» **Information provided**

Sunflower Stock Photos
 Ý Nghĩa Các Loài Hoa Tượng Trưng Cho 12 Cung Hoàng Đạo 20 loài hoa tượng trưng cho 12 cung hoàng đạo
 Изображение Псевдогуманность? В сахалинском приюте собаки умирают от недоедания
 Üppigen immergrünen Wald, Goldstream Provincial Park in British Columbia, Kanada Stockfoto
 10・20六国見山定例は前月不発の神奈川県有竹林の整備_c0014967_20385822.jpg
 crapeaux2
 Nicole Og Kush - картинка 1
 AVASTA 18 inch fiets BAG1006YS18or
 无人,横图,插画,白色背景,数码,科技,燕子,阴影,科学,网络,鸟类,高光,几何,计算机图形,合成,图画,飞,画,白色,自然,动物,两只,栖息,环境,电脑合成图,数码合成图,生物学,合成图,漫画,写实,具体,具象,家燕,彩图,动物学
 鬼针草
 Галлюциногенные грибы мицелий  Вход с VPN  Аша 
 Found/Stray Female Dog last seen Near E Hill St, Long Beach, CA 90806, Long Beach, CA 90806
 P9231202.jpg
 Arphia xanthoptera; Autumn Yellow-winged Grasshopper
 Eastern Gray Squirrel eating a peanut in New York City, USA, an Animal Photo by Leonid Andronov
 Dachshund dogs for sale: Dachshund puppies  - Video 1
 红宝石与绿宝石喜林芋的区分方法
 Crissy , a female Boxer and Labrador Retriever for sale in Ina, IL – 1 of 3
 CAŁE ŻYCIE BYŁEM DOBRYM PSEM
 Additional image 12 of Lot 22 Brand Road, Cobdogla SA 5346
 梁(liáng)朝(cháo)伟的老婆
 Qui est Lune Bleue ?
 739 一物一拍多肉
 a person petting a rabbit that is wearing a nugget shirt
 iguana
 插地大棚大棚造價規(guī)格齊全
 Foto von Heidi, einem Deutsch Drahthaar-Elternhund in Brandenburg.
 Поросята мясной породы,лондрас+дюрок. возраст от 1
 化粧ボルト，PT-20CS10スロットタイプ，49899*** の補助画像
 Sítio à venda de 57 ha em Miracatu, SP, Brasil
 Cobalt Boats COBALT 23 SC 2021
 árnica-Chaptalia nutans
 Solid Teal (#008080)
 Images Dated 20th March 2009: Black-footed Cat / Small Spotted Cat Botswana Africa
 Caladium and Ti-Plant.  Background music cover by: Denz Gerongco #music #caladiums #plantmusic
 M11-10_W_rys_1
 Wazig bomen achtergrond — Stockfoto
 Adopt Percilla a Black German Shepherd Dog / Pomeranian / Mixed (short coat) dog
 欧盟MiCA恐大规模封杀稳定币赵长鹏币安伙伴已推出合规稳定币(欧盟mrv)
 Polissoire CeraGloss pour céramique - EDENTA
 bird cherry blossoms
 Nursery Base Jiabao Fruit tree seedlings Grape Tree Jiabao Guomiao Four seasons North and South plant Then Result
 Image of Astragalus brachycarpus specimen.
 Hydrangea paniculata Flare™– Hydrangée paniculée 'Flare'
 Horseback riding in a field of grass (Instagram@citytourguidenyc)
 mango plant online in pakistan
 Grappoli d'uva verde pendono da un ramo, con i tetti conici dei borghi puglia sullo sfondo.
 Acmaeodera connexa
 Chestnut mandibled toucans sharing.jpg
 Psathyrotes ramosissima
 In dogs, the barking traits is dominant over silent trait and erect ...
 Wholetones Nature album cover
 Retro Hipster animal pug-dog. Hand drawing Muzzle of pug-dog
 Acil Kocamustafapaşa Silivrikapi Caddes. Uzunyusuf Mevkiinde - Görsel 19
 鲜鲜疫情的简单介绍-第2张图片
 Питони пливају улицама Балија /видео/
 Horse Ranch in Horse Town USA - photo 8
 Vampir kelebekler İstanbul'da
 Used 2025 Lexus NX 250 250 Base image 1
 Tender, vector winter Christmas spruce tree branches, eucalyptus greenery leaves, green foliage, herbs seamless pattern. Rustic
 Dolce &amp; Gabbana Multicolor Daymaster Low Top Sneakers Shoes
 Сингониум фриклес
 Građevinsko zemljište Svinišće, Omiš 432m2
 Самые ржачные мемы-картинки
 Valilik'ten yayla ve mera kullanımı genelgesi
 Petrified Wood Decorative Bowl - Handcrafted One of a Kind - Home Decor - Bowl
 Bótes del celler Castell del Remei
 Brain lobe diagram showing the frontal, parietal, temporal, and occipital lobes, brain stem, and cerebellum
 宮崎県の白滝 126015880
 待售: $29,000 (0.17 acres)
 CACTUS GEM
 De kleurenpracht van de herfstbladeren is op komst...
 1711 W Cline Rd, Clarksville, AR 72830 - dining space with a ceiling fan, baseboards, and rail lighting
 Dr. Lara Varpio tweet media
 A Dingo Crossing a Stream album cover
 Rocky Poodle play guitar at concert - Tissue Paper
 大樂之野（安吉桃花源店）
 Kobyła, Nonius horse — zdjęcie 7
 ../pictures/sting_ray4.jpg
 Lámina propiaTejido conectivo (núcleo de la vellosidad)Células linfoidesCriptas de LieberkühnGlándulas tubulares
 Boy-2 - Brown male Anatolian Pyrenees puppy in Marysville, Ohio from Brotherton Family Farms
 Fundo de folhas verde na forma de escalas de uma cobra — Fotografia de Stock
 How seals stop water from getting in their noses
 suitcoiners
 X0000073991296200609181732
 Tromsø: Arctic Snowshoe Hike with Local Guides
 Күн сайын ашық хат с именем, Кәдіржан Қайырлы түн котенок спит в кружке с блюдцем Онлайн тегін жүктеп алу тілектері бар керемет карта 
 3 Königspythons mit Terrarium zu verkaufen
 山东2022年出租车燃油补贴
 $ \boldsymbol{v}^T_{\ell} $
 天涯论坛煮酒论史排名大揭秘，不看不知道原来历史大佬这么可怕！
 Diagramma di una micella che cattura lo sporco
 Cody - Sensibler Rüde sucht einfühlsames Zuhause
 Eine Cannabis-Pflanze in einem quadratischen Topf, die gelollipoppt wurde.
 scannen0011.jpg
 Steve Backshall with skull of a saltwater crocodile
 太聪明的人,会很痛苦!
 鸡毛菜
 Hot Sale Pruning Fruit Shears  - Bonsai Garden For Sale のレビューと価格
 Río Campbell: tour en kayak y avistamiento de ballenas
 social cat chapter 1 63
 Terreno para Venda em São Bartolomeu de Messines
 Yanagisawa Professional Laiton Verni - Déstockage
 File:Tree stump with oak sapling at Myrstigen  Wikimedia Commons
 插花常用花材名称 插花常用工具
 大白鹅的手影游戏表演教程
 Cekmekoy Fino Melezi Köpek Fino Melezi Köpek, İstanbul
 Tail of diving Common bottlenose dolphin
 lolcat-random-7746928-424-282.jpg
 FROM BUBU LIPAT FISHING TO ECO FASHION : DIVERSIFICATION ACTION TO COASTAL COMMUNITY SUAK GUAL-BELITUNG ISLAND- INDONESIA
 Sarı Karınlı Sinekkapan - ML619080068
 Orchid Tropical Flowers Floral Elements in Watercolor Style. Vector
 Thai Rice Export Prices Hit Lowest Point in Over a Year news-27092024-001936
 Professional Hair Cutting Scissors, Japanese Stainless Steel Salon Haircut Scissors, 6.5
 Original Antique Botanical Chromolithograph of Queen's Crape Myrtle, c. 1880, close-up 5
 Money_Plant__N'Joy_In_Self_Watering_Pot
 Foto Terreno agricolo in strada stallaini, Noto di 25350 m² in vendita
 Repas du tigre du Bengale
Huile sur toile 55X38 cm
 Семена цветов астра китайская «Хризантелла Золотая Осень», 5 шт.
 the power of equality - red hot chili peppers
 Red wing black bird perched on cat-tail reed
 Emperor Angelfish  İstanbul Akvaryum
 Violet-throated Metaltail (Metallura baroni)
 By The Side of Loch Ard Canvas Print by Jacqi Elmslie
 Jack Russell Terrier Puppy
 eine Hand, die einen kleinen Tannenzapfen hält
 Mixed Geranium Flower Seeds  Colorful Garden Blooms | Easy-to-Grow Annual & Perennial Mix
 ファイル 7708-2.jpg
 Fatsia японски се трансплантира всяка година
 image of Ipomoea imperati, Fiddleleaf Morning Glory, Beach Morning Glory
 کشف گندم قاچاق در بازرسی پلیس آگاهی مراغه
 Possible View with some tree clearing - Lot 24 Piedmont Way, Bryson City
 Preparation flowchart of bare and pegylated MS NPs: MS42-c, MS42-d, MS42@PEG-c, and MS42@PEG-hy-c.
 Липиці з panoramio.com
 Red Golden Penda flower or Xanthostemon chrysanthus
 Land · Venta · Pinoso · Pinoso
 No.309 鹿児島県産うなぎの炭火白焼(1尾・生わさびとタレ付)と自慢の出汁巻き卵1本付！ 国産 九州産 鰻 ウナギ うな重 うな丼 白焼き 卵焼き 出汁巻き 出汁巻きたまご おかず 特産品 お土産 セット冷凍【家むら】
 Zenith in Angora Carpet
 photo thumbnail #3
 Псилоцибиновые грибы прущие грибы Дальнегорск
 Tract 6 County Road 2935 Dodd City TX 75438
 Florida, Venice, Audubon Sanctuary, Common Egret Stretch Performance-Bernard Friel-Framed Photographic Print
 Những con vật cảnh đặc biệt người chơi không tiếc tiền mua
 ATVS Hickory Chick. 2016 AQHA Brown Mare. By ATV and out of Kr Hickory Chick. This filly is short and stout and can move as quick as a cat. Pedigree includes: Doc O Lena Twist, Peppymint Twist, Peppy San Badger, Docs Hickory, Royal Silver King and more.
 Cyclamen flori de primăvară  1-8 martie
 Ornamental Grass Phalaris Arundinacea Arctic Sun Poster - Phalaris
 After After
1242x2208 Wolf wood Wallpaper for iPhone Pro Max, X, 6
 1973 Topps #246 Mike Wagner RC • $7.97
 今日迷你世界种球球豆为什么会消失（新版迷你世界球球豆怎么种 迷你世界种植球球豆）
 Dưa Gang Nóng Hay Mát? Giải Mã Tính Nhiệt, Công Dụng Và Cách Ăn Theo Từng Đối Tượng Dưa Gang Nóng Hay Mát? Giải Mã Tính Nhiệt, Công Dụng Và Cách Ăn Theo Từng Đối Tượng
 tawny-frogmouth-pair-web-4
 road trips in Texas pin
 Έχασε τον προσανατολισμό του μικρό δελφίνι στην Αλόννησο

» **Task instructions**
Output should match, line for line, the stretch of the material above from the line holding "插花常用花材名称 插花常用工具" through the line holding "Jack Russell Terrier Puppy".

» **Result of this exercise**
 插花常用花材名称 插花常用工具
 大白鹅的手影游戏表演教程
 Cekmekoy Fino Melezi Köpek Fino Melezi Köpek, İstanbul
 Tail of diving Common bottlenose dolphin
 lolcat-random-7746928-424-282.jpg
 FROM BUBU LIPAT FISHING TO ECO FASHION : DIVERSIFICATION ACTION TO COASTAL COMMUNITY SUAK GUAL-BELITUNG ISLAND- INDONESIA
 Sarı Karınlı Sinekkapan - ML619080068
 Orchid Tropical Flowers Floral Elements in Watercolor Style. Vector
 Thai Rice Export Prices Hit Lowest Point in Over a Year news-27092024-001936
 Professional Hair Cutting Scissors, Japanese Stainless Steel Salon Haircut Scissors, 6.5
 Original Antique Botanical Chromolithograph of Queen's Crape Myrtle, c. 1880, close-up 5
 Money_Plant__N'Joy_In_Self_Watering_Pot
 Foto Terreno agricolo in strada stallaini, Noto di 25350 m² in vendita
 Repas du tigre du Bengale
Huile sur toile 55X38 cm
 Семена цветов астра китайская «Хризантелла Золотая Осень», 5 шт.
 the power of equality - red hot chili peppers
 Red wing black bird perched on cat-tail reed
 Emperor Angelfish  İstanbul Akvaryum
 Violet-throated Metaltail (Metallura baroni)
 By The Side of Loch Ard Canvas Print by Jacqi Elmslie
 Jack Russell Terrier Puppy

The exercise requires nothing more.